Mr. Agostini claims that, because he did not understand Hairston's English, and because in Puerto Rico he was accustomed to obeying police orders, he mistook Hairston's request for an "order."
The limits to Agostini's understanding of English do not alter the government's demonstration that there was no coercion. Moreover, his claim that the police in Puerto Rico had taught him to obey their orders did not survive cross-examination. When pressed, traffic stops were the only Puerto Rican police "orders" that he could recall. Indeed, it is judicially noticeable that Puerto Rico is not a Latin American dictatorship, and Puerto Rican police tactics are governed by the same Fourth Amendment that obtains in the District of Columbia. Defendant's "poetic license" in describing his prior experience with the police confirms this fact-finder's impression, gained from observation of Mr. Agostini's demeanor and manner of response as well as the fact that he has lived, worked, shopped, and traveled for five years on the United States mainland, that Agostini can speak and understand English much better than he appeared to do in Court or in the presence of the defense witnesses who testified on his behalf.

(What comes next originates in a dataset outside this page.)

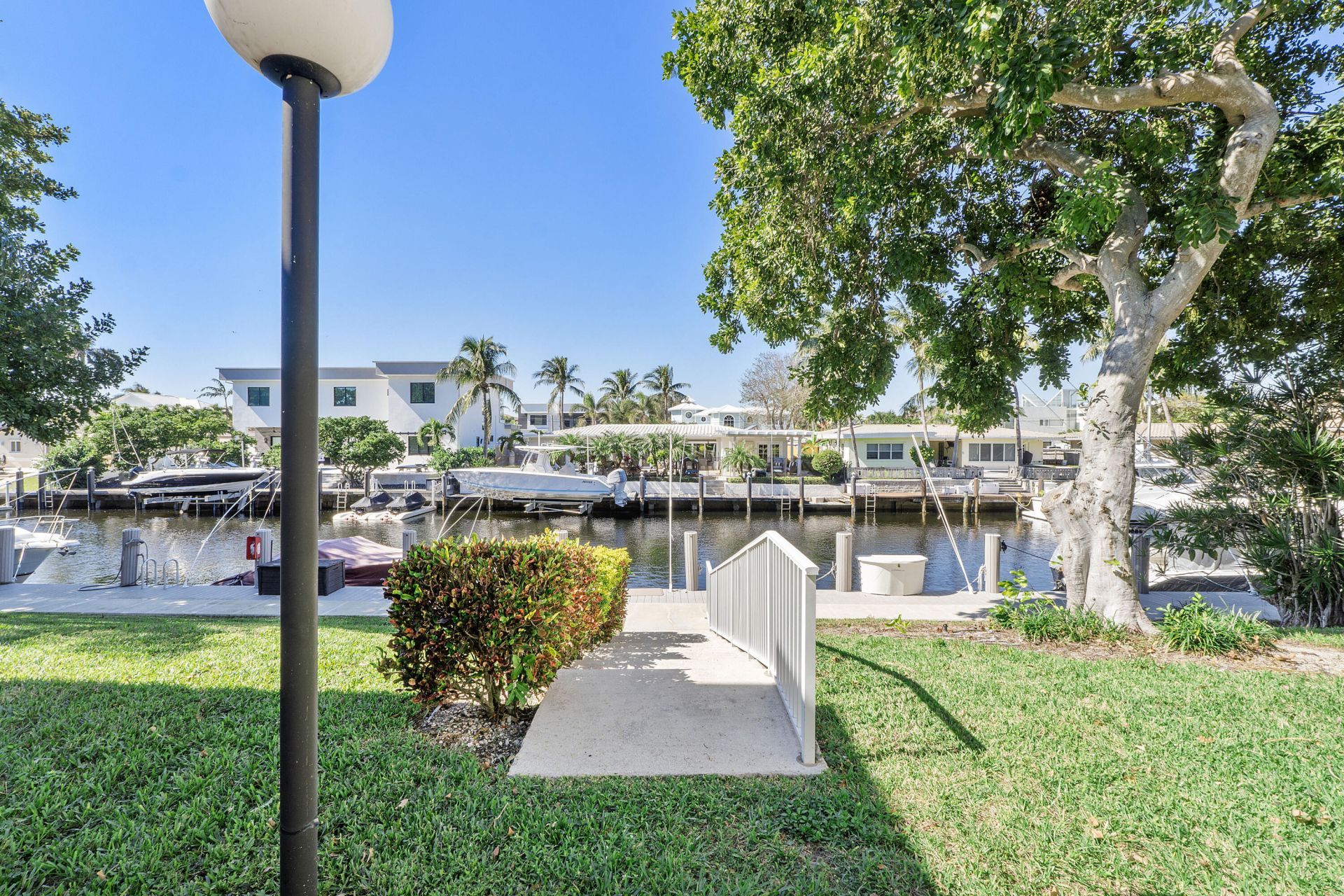 3000 NE 48th Court, Unit 402, Lighthouse Point, FL 33064 Photo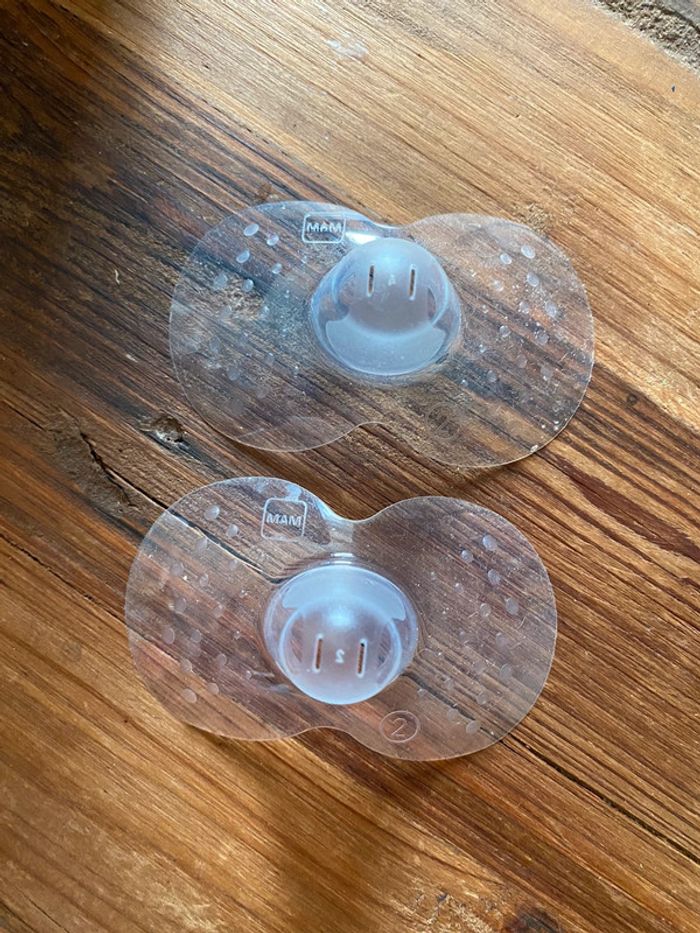 Bouts de seins - photo numéro 2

Weighing together the consent implicit in the handing-over of the bag, the likelihood that Mr. Agostini understood enough English to know that Hairston was requesting, but not ordering, an opportunity to search the bag, along with the government evidence of the absence of coercion, I find that it is more likely than not likely that the defendant freely and voluntarily consented to the search of his bag which revealed the incriminating contraband.
* * * *
For the foregoing reasons, it is this 6th day of April, 1993, hereby
ORDERED: that defendant's motions to suppress tangible evidence and statements should be, and are hereby, DENIED.